In his essay entitled Compensation, Ralph Waldo Emerson wrote the following. “Life invests itself with inevitable conditions, which the unwise seek to dodge… If he escapes them in one part, they attack him in another more vital part. If he has escaped them in form, and in the appearance, it is because he has resisted his life, and fled from himself, and the retribution is so much death. …It would seem, there is always this vindictive circumstance stealing in at unawares, even into the wild poesy in which the human fancy attempted to make bold holiday, and to shake itself free of the old laws, –this back-stroke, this kick of the gun, certifying that the law is fatal; that in nature nothing can be given, all things are sold… If [the] price is not paid, not that thing but something else is obtained… it is impossible to get any thing without its price.”
The world has been sold the idea of government-managed fiat money as a means to prosperity. We have been sold the idea that there really is a money tree that will shade us from the effects of the business cycle and provide us with eternal affluence and greater material equality. We have been paying for these delusions ever since, and we will keep paying. But the final price for this transaction has yet to be reckoned. At some point we will be forced to realize that we have not been sold the thing we had hoped for, but in the words of Emerson, "something else is obtained." If left unchecked, the price for that something else may well be the very civilization that generations have strived so hard to build.

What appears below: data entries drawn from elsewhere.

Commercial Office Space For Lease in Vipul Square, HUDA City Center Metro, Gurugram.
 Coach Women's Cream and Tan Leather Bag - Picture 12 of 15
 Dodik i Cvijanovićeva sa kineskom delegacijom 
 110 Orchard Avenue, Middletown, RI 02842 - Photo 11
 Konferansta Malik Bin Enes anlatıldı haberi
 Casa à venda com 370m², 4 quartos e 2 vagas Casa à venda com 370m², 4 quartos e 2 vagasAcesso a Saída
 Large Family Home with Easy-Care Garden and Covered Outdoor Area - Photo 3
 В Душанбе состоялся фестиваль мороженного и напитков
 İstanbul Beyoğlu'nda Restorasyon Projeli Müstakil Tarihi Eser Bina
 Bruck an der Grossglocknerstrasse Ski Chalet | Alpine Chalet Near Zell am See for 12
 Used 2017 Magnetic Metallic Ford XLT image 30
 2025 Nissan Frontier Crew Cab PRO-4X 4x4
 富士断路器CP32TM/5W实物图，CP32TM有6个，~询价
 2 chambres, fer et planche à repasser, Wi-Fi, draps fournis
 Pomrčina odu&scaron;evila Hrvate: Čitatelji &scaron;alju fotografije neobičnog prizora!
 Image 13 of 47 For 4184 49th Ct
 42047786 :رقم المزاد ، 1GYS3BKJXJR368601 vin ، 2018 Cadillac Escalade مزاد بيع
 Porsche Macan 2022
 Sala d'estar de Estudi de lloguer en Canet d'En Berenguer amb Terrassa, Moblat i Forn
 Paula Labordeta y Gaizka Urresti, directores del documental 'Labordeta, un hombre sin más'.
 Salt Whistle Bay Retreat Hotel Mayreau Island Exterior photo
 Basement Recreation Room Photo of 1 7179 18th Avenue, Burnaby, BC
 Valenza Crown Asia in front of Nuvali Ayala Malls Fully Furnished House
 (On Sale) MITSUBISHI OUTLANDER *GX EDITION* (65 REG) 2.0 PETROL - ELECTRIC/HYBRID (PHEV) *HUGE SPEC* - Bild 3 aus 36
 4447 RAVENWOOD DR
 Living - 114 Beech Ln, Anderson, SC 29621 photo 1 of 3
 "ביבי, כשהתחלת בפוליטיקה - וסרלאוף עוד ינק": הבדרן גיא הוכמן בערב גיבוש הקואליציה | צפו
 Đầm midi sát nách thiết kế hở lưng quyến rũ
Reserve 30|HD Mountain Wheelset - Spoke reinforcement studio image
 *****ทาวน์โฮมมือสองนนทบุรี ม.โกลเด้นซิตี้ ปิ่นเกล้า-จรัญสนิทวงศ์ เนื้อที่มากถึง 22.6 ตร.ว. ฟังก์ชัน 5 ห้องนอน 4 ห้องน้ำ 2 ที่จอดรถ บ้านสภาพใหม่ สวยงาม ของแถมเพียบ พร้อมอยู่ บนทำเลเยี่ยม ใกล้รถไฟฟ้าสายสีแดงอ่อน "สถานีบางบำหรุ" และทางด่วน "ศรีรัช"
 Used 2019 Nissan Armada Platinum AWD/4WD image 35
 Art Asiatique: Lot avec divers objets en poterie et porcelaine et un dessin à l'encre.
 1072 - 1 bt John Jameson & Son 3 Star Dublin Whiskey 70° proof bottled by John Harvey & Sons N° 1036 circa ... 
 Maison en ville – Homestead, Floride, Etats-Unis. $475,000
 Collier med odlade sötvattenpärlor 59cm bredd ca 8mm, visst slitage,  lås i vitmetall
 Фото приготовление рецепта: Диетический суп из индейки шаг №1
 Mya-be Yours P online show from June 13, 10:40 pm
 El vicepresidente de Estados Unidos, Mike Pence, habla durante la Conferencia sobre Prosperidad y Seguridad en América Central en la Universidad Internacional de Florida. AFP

The most powerful form of theft and slavery ever devised has been placed in the hands of villains and demagogues. With it they vastly redistribute income, wage destructive wars all over the globe and wreak havoc on social relations. They do all this from behind a shroud of Keynesian legitimacy and this is where we must strike them. Mises taught that, "In the long run even the most despotic governments with all their brutality and cruelty are no match for ideas." Neither is all the paper money they are capable of printing. If the ideas of liberty and sound money were to flourish as they once did, the state and its printing presses could be rendered impotent. And that is something worth working towards.